Wednesday, August 13, 2008

I hurt. But I did run 2 miles.

Now is when it gets tough.

I went to the gym with Mario on Sunday and he worked me. Hard. And sweaty. All sexual innuendo aside, I knew I'd be sore and I was absolutely correct.

Monday was my day off and I was happy to take it. I wasn't hurting too badly, perhaps because of the Tylenol I rocked in the morning, perhaps because of the caffeine I was drinking while filing papers at work, or maybe just because I wasn't really using those muscles. Taking a day off was nice but I was slightly terrified that'd be the end for me.

It wasn't. The next morning I was awake at 6:50, trying out the morning as a new time to try to fit in a run. What a great idea, I thought! I've always been a morning person, and this way I'll still have the flexibility to do whatever I need/want at the end of the day. Mom tells me exercising is supposed to wake you up anyhow, so this'll be great.

How wrong can a person be?

The run itself was fine. I made it all the way up the hill this time, though I did have to walk a bit once I reached the top (more on that later). it was the aftermath that amazed me. I got home and did my normal stretch routine...and as it was happening, I was falling asleep. I was in my bedroom, and all I wanted to do was crawl back into bed and sleep for the rest of the day. Part of me was worried - I've never felt this way in the morning before! As I stumbled toward the shower I consoled myself thinking this feeling had to pass, all I needed was a shower and some coffee and I'd feel just like I normally do in the mornings.

The feeling continued, past the shower, all the way to me eating my cereal in front of the TV. Just that awful fog all around my head. I was a little dizzy, couldn't finish my breakfast because of my nausea, an contemplated whether or not it would be safe for me to drive. Tylenol did not make it better. I made it through the day, but needless to say, I will not be running in the morning any time soon. This will of course make my dedication to the training all the more difficult, but we'll see how it goes.

Today was a banner day for soreness. I cannot fully move my arms and I'm beginning to think I may have done some serious damage. That's probably the neurotic Jew in me but a man can worry can't he? But despite the pain in my upper body, my legs feel surprisingly fine; so fine that I decided today was a great day to up the ante a little and run two miles.

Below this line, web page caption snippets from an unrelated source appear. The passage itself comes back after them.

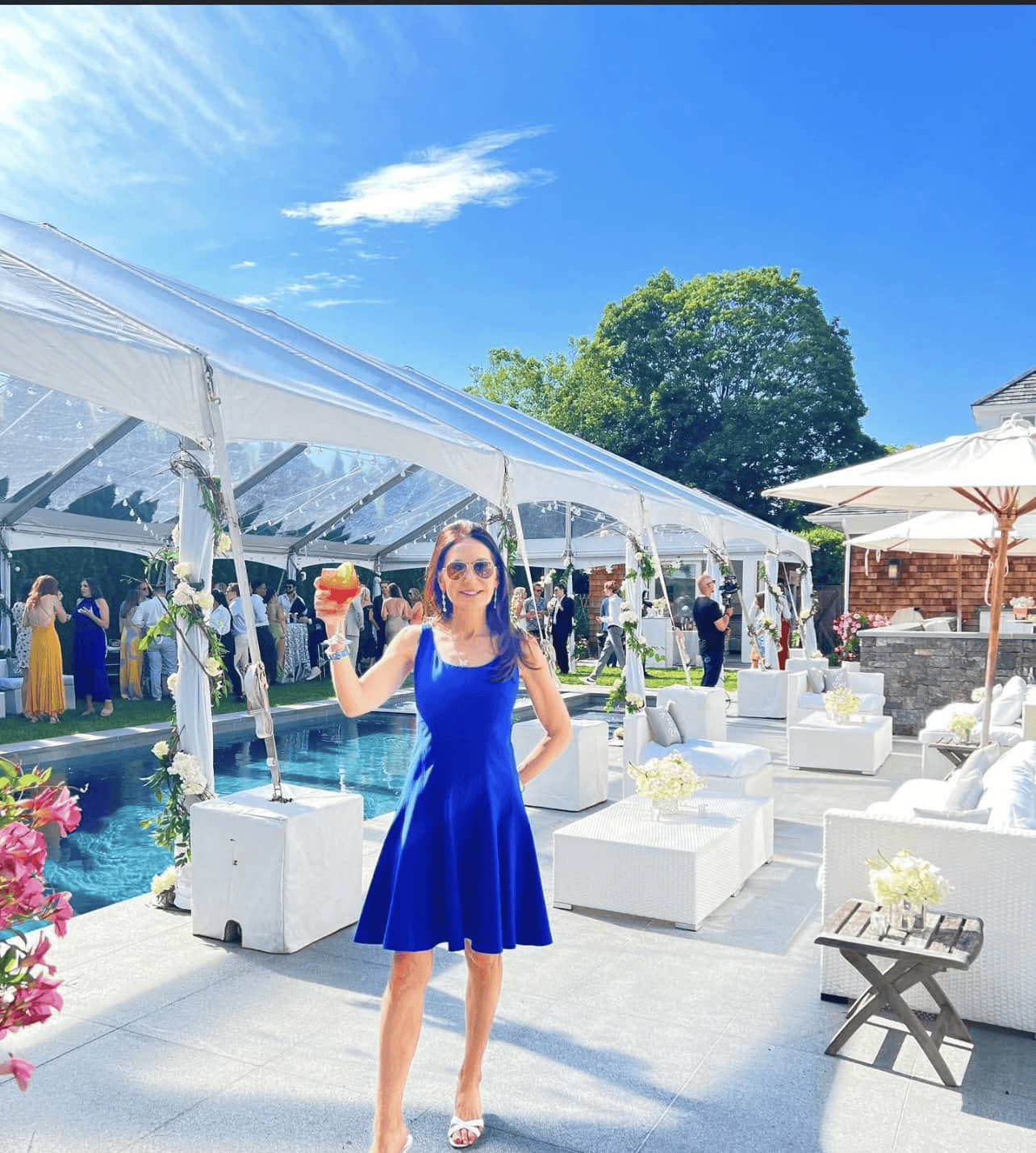 Backyard party tent with seating set on a lawn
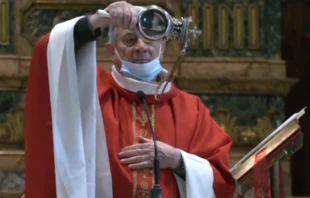 The reliquary of St. Januarius is held by the celebrant at Mass in Naples Cathedral, Italy, Dec. 16, 2021. Screenshot from canale21.it.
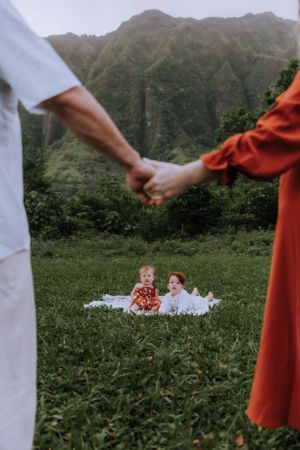 A couple holds hands while watching children on a blanket against a backdrop of lush mountain scenery.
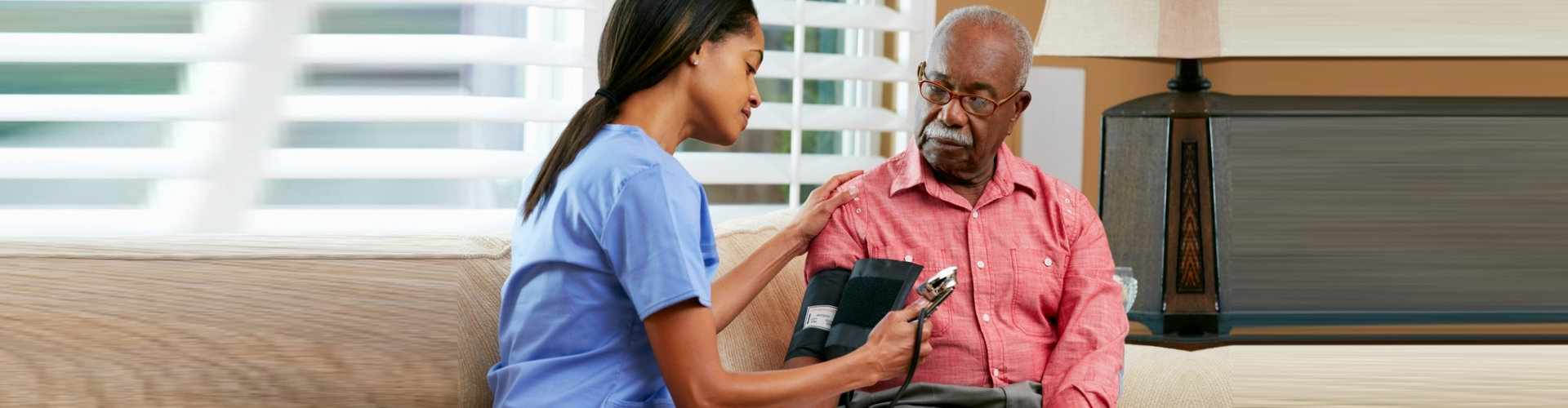 female nurse doing blood pressure monitoring to senior man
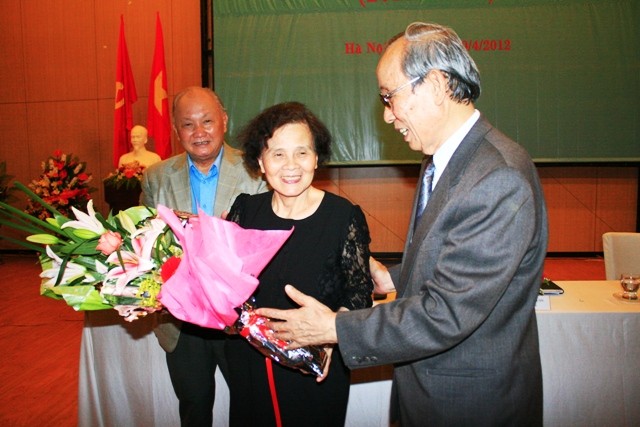 Chủ tịch Hiệp hội các trường ĐH, CĐ NCL Trần Hồng Quân tặng hoa chúc mừng các hội viên. Ảnh Xuân Trung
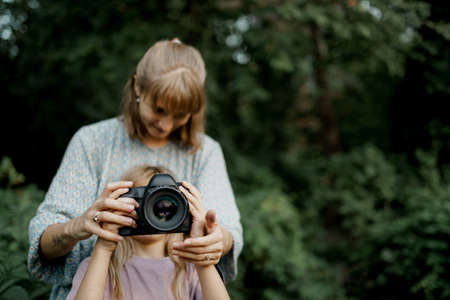 Mother is teaching her young daughter to use a camera outside in spring natureの写真素材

I don't want to deal with hills anymore - they're giving me an unfair picture of my actual health/readiness. The fact is I can run a mile just fine, and in fact could probably run more, but you wouldn't know that by seeing me after I run up Havenhurst. So today I planned a different route. Running to my new gym and back is just over two miles, so I wanted to try that. Turns out, hills don't go away. They disguise themselves. The whole run to the gym was fine, but as we turned around I suddenly had a sinking feeling in my stomach as I saw just how far UP I had to run along with just the lateral part...why???

My hammies are killing me. I am limping around my apartment because my right leg hurts so much when I walk. But I finished those friggin two miles.

So just to keep score:
-I can't walk
-I can't hold a phone to my ear
-I can barely put a shirt on
-I am planning on running another 2 miles tomorrow before my rest day on Friday.

I'm still wondering if this whole lifestyle choice is going to work out for me. But I'll be damned if I'm not trying.